I was particularly feeling that way on Saturday, not just cuz of the first messy arrest, but because i was working with, oh let’s call him Gerk- a certain medic that I just wouldn’t trust giving treatment to anyone i knew or cared about or had ever met. At all. I mean- well his name says it all. And then I was even less thrilled, you can imagine (maybe…) when the second arrest of the night came over not long after we finished cleaning up the first one. Oh lord, i said to myself, this poor whomever, wrong night to flatline…
Whomever turns out to be a 72 year old Indian gentleman lying flat on his back in his underpants with a bright red flare of blood at his lips and nostrils and a burly EMT thumping up and down on his chest,. He has no signs of trauma and appears to be in good health except for a large unsightly triple bypass scar stretching across his chest (and the fact that he’s dead).

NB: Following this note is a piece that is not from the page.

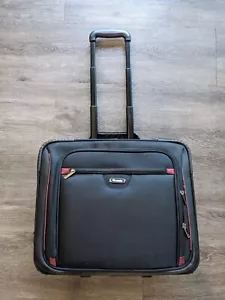 Solo Rolling Wheeled Laptop Bag 17"W x 14.5" H x 9" - Picture 1 of 11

Our monitor says he’s flatline, so there’s no movement at all in the electricity of his heart, nothing to shock in other words, so I start looking for a place to put my iv while Gerk prepares his tube kit to get an airway. This guy has only slightly better veins than the last lady, and having no heartbeat doesn’t help, but i manage to sneak one in right along the top of his left hand. Gerk’s having trouble with the tube, to his credit the blood in the airway means he’s just staring into a dark tunnel of fluid, with surely no vocal chords in sight to pass the tube through. Eventually, we do get it though, and just when I’m thinking the EMT is gonna have his own cardiac incident from how hard he’s pumping and sweating, someone announces that they felt a pulse.

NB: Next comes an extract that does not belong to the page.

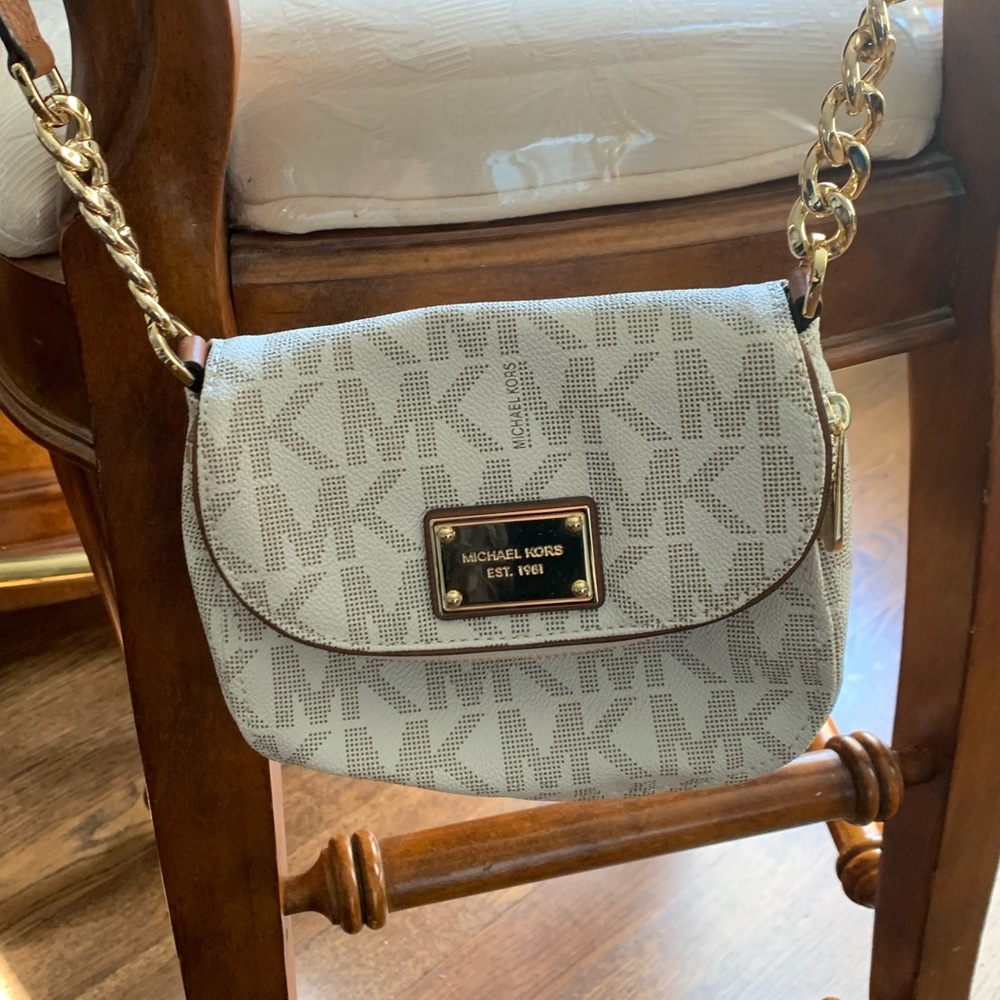 Crossbody bag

No shit, i think, but there it is- a vigorous thump-thumping along his carotid artery. There’s some excitement now as the crew shifts course, one EMT running off to get the stretcher, the other taking the blood pressure, Gerk on the phone with our on-line medical control to get more meds, me and the lieutenant prepping the patient for transport.
The family’s all there screaming and praying as we load up our post-arrest patient and stick him in the ambulance, and though I’m trying to be pessimistic I’m feeling good about this one right up until he arrests again as we’re flying along to the hospital. He’d come back strong with a solid blood pressure and the pulse way up in the high 140’s but halfway to Wyckoff his heart dropped back down to the 60’s, then 30’s, and while we’re frantically working on him he loses pulses again completely and we’re back to thumping his chest while trying to keep balance amidst the tossing and turning of Brooklyn streets.
As we pull up I check again and miracle of miracles, there it is, that rhythmic murmur of pressure against my finger… In the ER bay they do their usual half-joking complaining about how we have all the fun and get right to work on him, setting up a dopamine drip, getting a ventilator set up, etc. I can’t help but feel good, and I’m literally typing the first words of a jubilant text message to Gabi when I see all the nurses run over and a doctor start compressions again.
Crap! I shut the phone right quick and walk over cringing. For a third time though, our man decides to live that night, and this time he stays for good. When we leave the hospital he’s pumping away all by himself, but he's still, and maybe always will be, a vegetable.